**ASSIGNMENT**. Reproduce precisely the lines of the material below from the line containing "Custom Tropical Beach" up to and including its last line. Pictures must not be copied.

**SOURCE DATA**.

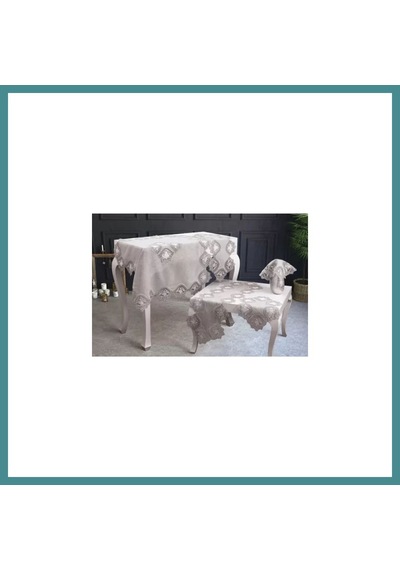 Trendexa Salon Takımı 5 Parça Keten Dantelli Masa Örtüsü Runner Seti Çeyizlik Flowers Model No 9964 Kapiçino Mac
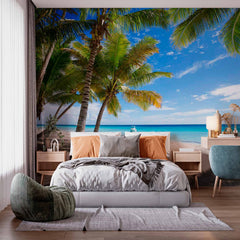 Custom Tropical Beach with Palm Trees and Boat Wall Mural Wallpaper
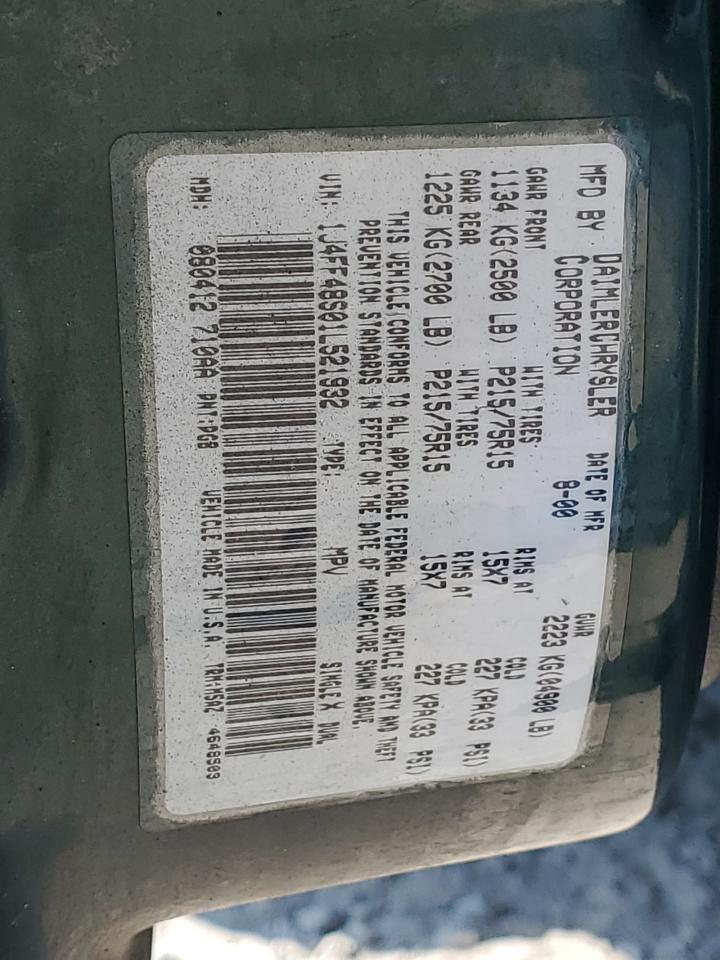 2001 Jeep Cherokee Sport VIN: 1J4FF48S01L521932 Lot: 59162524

**TASK SOLUTION**.
 Custom Tropical Beach with Palm Trees and Boat Wall Mural Wallpaper
 2001 Jeep Cherokee Sport VIN: 1J4FF48S01L521932 Lot: 59162524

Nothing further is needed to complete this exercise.